Very interesting. I wonder if some of these positive viral cattleyas contain similar genes that can confer tolerance or reduce viral replication. That could explain the long term survival rate of these hardy heirlooms.
 
Just as an aside on viruses. I have worked as a plant breeder all my life and in the last 10 years we as a company have become increasingly interested in viruses. My particular crop is barley. Here there is one gene (yd2) that confers true tolerance to one of the main viruses in barley, barley yellow dwarf virus, transmitted by aphids. If the plant has this gene, the viral load can be the same as in a susceptible plant but the plant does not exhibit any symptoms ( yellowing leaves, dwarfing and eventually death). This resistance was discovered in Ethiopian barley lines in the 1950’s and has been crossed into mainstream varieties.
There is also a new resistance gene, yd4, which has been crossed in from a closely related species, hordeum bulbosum.

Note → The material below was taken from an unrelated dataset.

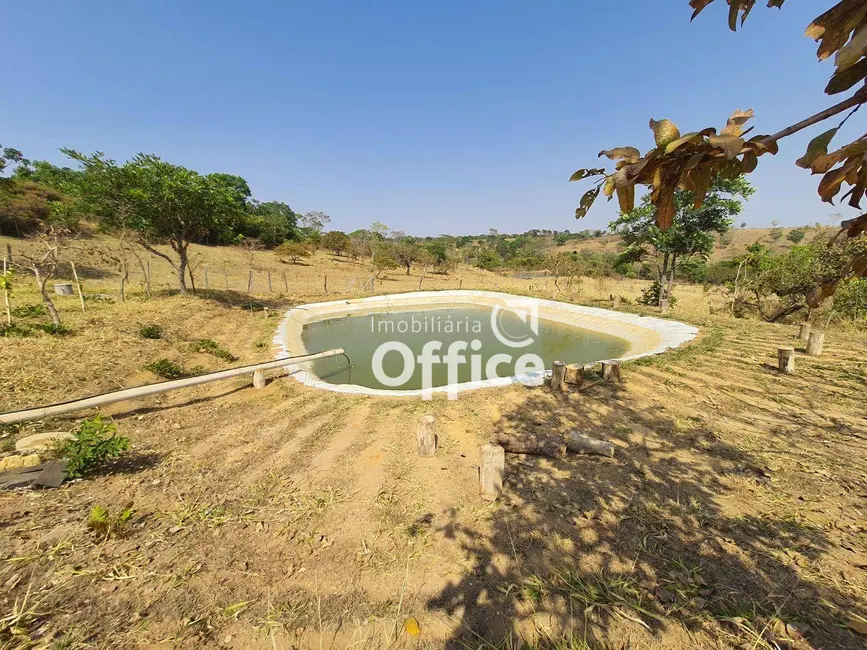 Foto 9 de Chácara com 4 quartos à venda, 7000m2 em Jardim Promissão, Anapolis - GO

Here the virus cannot replicate in the plant and dies out.
In addition to these two known genes there are several others that confer a lower level of tolerance to this virus.
This sort of arms race will be going on all across the natural world In plants and animals. It is part of the natural order of things.
Thanks for sharing this information. I love reading about stuff like this!
I wonder if this kind of discovery and application would be done with orchids, though. Food crops are essential to humans for survival and also for economic value.
Orchids are bred mostly for flowers and sold, done. I know there are scientists studying quite a bit about orchids (mainly certain Dendrobiums and Phalaenopsis only as far as I know since these two are the ones that bring the most money in the trade). I hope to see better breeding practice for disease resistance and such, but I doubt there is enough incentive to get that done.
 
It should trickle down eventually when costs get lower when technology becomes routine and ‘old’.
In the plant breeding industry we are piggy backing on gene marker technology that was originally developed for human medicine.
Just when that will happen is anyone’s guess.